Thus, in Japanese Patent Laid-Open Publication No. 2004-324910, the applicant proposed a cylindrical burner including: a heat chamber constituted by combining plural strip-shaped combustion plates, which have a plurality of burner ports, in a cylindrical shape; a coupling member that extends in an axial direction inside the heat chamber; and a pair of holding plates fixed at both ends of the coupling member, wherein the respective holding plates are set in abutment against respective end faces of the heat chamber via end face packings overlapping the respective end faces to sandwich the heat chamber with both the holding plates from both sides in the axial direction. According to this cylindrical burner, the frame with a complicated structure and the protection frames are made unnecessary, assembling is easy, and cost can be reduced.
However, when the heat chamber is simply sandwiched from the axial direction, it is likely that the respective combustion plates shift to the outside in a radial direction, gaps are formed among the respective combustion plates, and gas leaks from the gaps. Thus, in the cylindrical burner of the prior application described above, cylindrical flanges section bending inwardly in the axial direction are formed in outer peripheries of the respective holding plates and outer surfaces at ends of the heat chamber are covered by the flange sections such that it is possible to prevent the combustion plates from shifting to the outside in the radial direction.

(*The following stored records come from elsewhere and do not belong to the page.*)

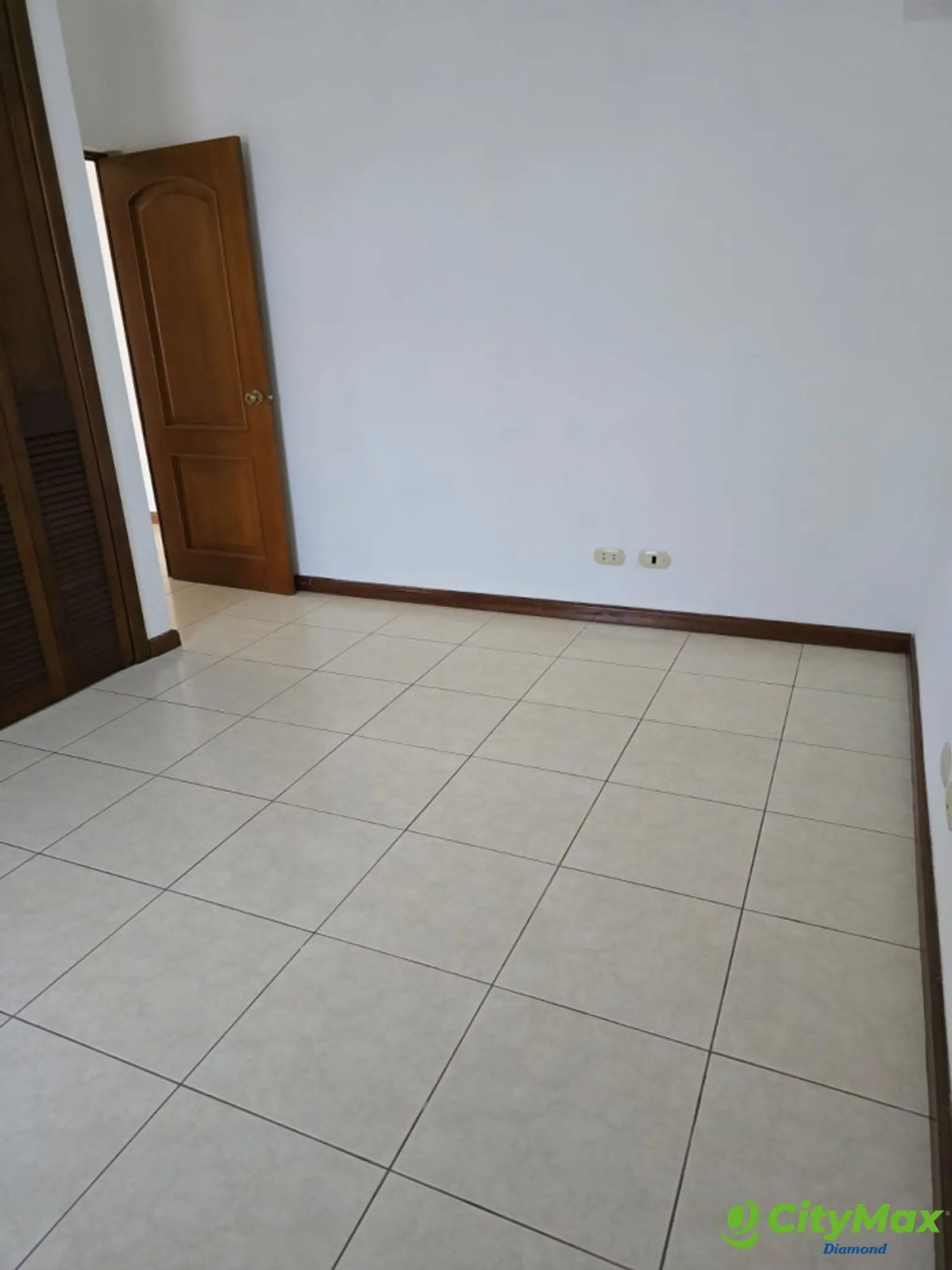 Casa en renta en zona 14 en Condominio - foto 15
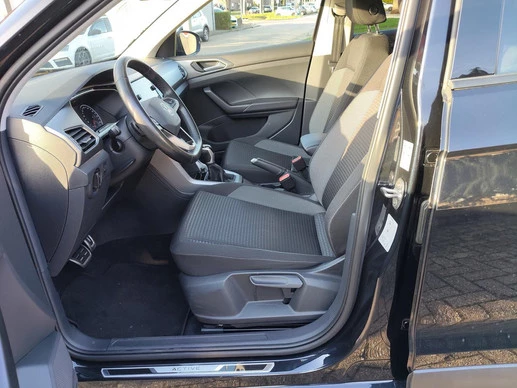 Volkswagen T-Cross - Afbeelding 17 van 30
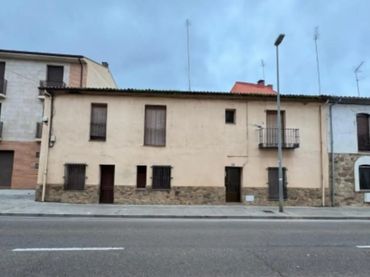 Casa adosada en  Calle de Cabañales 44 - Foto 1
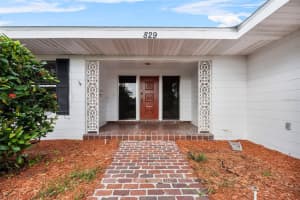 829 HOWARD TERRACE, WINTER HAVEN, FL 33881 Sold 02/13/25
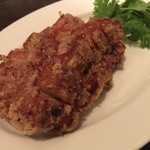 中国家常菜 燕郷房 - 豚バラ肉の紅こうじ揚げ。紅こうじの味わいが面白いです。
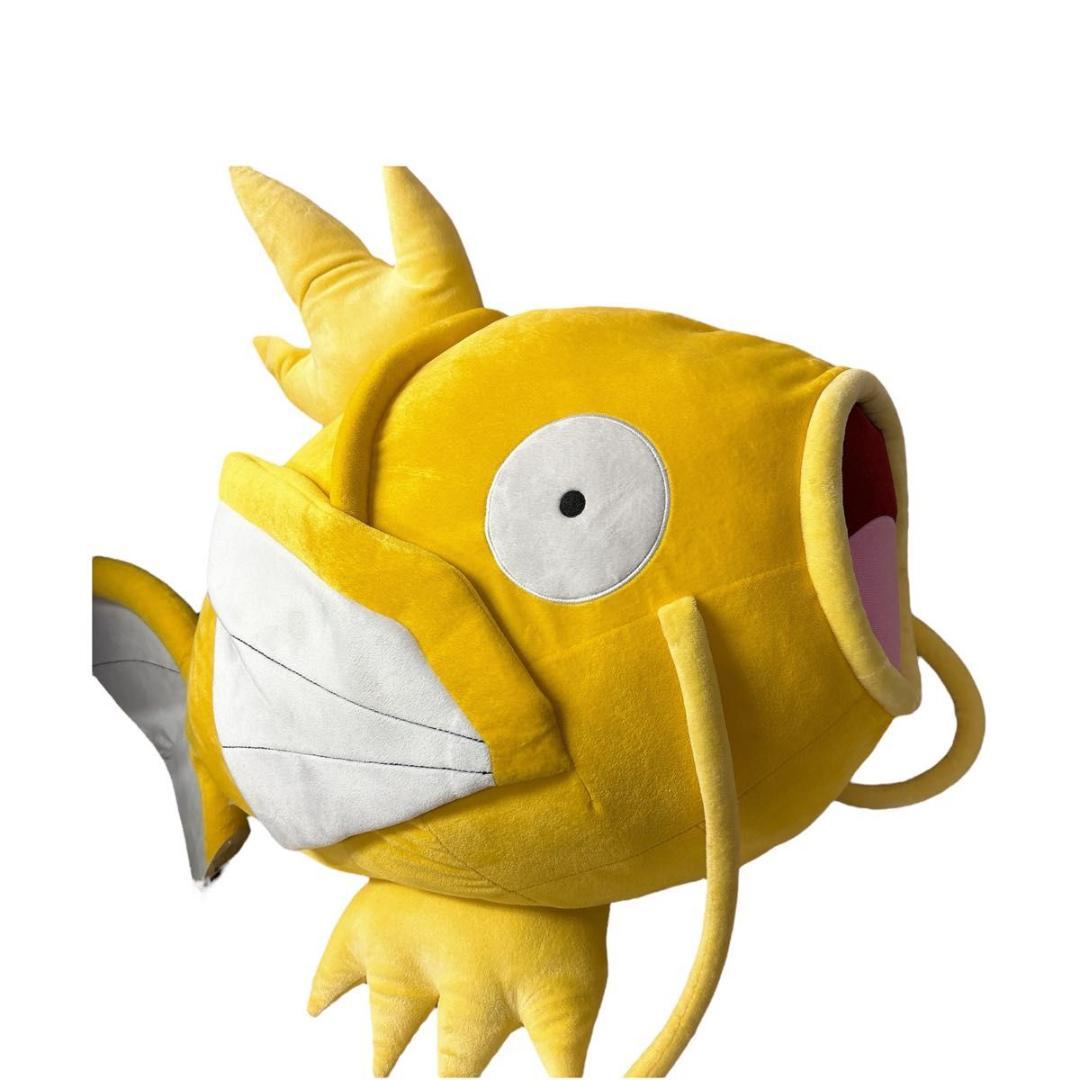 ポケセン　限定　金のコイキング　ビッグクッション　等身大　タグ付き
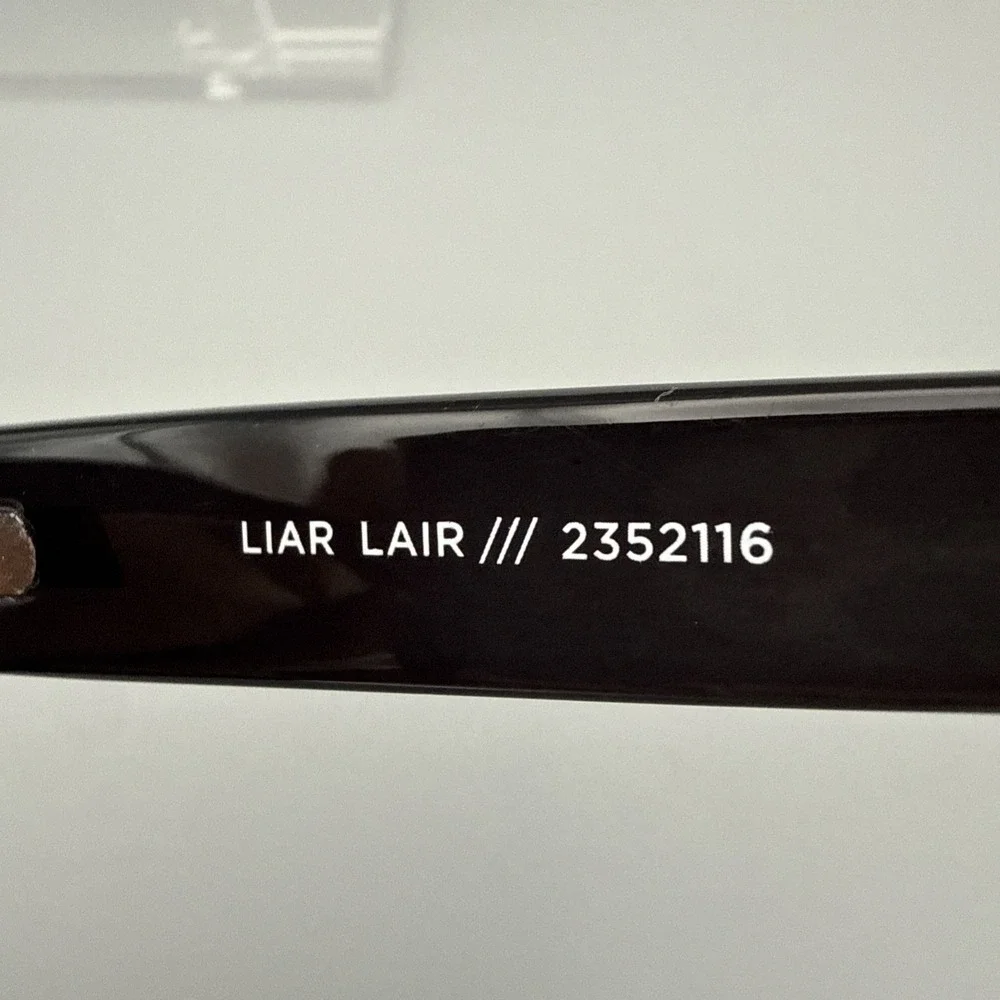 Le Specs Authentic Polarized Black Thick CatEye Sunglasses 'Liar Lair' 57-16 147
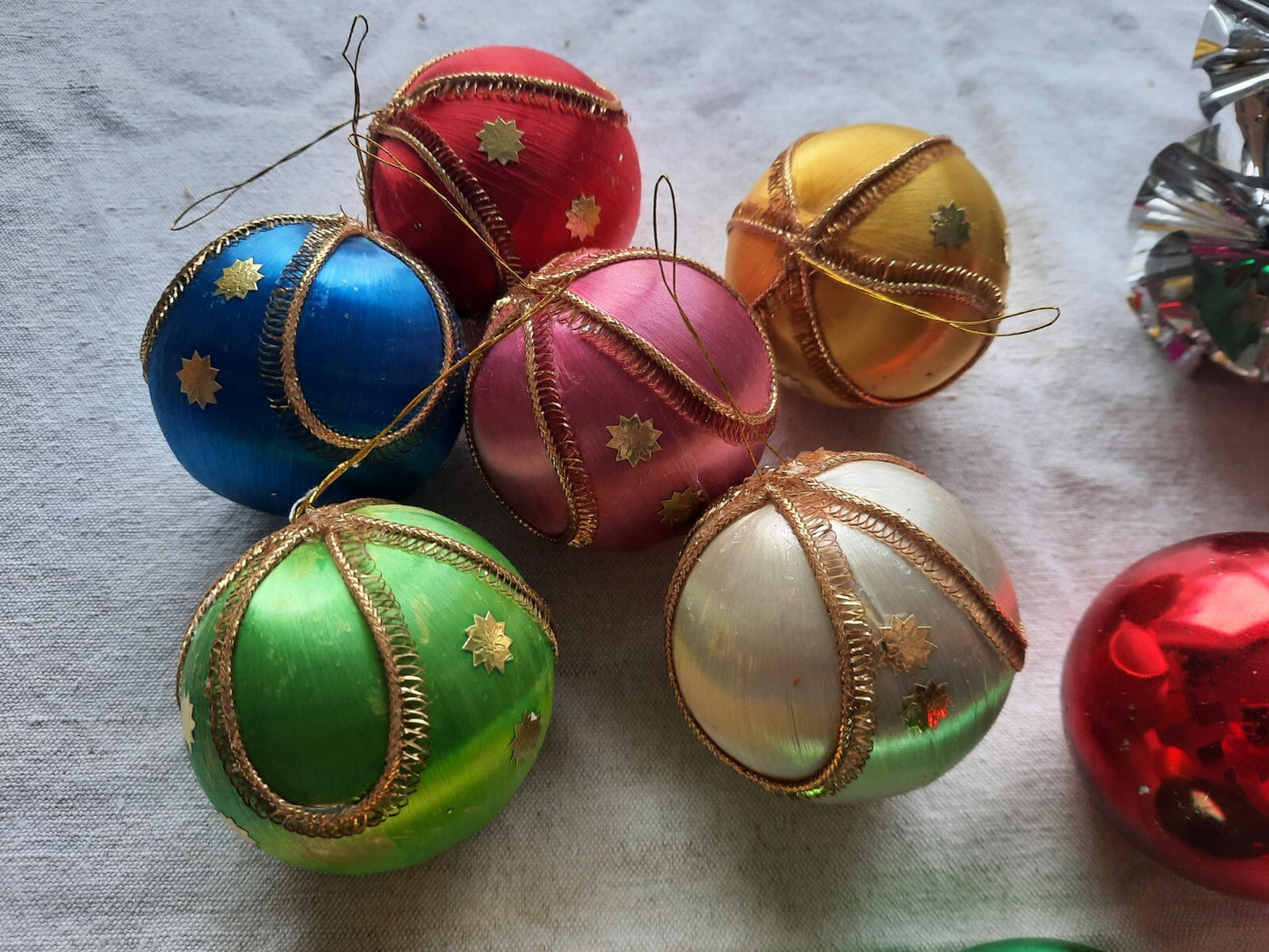 40 Silk GLASS VINTAGE foil RETRO CHRISTMAS BAUBLES Kitsch Xmas Tree Decorations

Here, in order to hold the combustion plates without causing loosening in the radial direction, it is necessary to externally fit the flange sections of the holding plates firmly in the outer surfaces at the ends of the heat chamber. However, the outer surfaces at the ends of the combustion plates may be scraped by the flange sections when the holding plates are assembled with the heat chamber. This makes it difficult to assemble the holding plates. In particular, in order to improve a sealing property among the respective combustion plates, when plural combustion plates are combined in a cylindrical shape to form the heat chamber in a state in which side packings along side edges of the respective combustion plates are provided among the respective combustion plates, it is necessary to tighten the respective combustion plates inwardly in the radial direction such that the side packings are compressed by a predetermined interference. For this purpose, it is necessary to set an inner diameter of the flange sections smaller than an outer diameter of the heat chamber in a free state. This makes it extremely difficult to assemble the holding plates with the heat chamber.
In view of the problems described above, embodiments of the invention seek to make it possible to tighten the respective combustion plates inwardly in the radial direction and make it easier to assemble the holding plates in order to provide a cylindrical burner having improved assemblability in which gas does not leak from gaps among the combustion plates.
Preferably, a cylindrical burner includes a heat chamber constituted by combining plural strip-shaped combustion plates, which have a plurality of burner ports, in a cylindrical shape a coupling member that extends in an axial direction inside the heat chamber and a pair of holding plates fixed to both ends of the coupling member, the heat chamber being sandwiched from both sides in the axial direction by both the holding plates by setting the respective holding plates in abutment against end faces of the heat chamber via end face packings overlapping the respective end faces, wherein outer peripheral packing sections overlapping outer surfaces at the ends of the respective combustion plates are extended to outer peripheries of the respective end face packings and cylindrical flange sections bent inwardly in the axial direction are formed on outer peripheries of the respective holding plates such that the outer peripheral packing sections are compressed by a predetermined interference and sandwiched between the inner surfaces of the flange sections and the outer surfaces of the respective combustion plates thereof.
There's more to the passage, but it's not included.